Le lendemain soir, un chauffeur était venu la chercher à son hôtel pour l’emmener au Palais royal. Elle s’était retrouvée assise à côté du prince à une table de vingt convives — des gens importants, dans le domaine culturel ou politique. Le prince l’avait présentée comme « sa charmante nouvelle amie » et avait adroitement orienté la conversation sur l’art afin qu’Ambra pût y participer pleinement. Bien sûr, elle avait compris qu’elle passait une sorte d’audition, mais cela ne l’avait pas dérangée. Au contraire elle s’était sentie flattée.

À la fin du dîner, Julián l’avait entraînée à l’écart.

— J’espère que vous ne vous êtes pas ennuyée. J’aimerais beaucoup vous revoir. (Il lui avait souri.) Jeudi soir ?

— C’est très aimable à vous. Mais je repars demain matin pour Bilbao.

— Eh bien, c’est moi qui me déplacerai. Vous êtes déjà allée à l’Etxanobe ?
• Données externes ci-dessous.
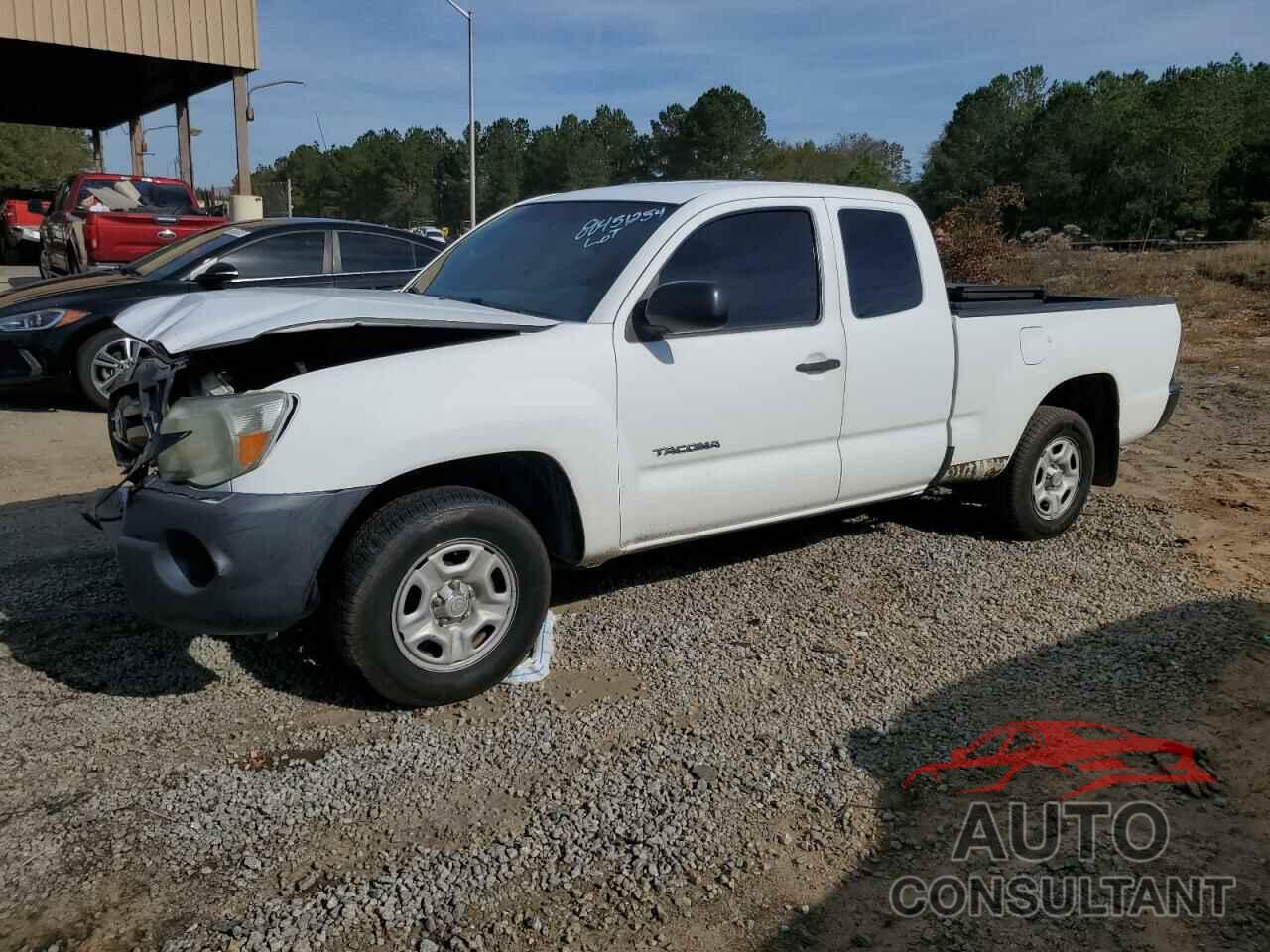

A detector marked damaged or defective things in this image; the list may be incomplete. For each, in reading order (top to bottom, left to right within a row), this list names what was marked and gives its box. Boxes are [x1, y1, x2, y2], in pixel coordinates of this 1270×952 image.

crumpled hood [114, 288, 556, 355]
Ambra n’avait pu s’empêcher de rire. L’Etxanobe était l’un des restaurants les plus prisés de Bilbao. La Mecque des amateurs d’art — une décoration avant-gardiste et une cuisine colorée. Les clients avaient l’impression de dîner au milieu d’un tableau de Chagall.

— C’est une charmante idée, avait-elle répondu.

Attablé à l’Etxanobe, devant un mi-cuit de thon au sumac farci aux asperges, Julián lui avait raconté les défis politiques qui l’attendaient quand il sortirait de la coupe de son père. Il avait également évoqué les pressions que subissait un prince. Ambra avait vu en lui le petit garçon qu’il avait été, cloîtré, à l’écart du monde, mais aussi l’essence d’un monarque ayant une passion pour son pays. La combinaison était irrésistible.

Ce soir-là, quand les gardes avaient ramené Julián à son jet, Ambra avait su qu’elle était amoureuse.

Mais tu le connais à peine ! avait-elle pensé.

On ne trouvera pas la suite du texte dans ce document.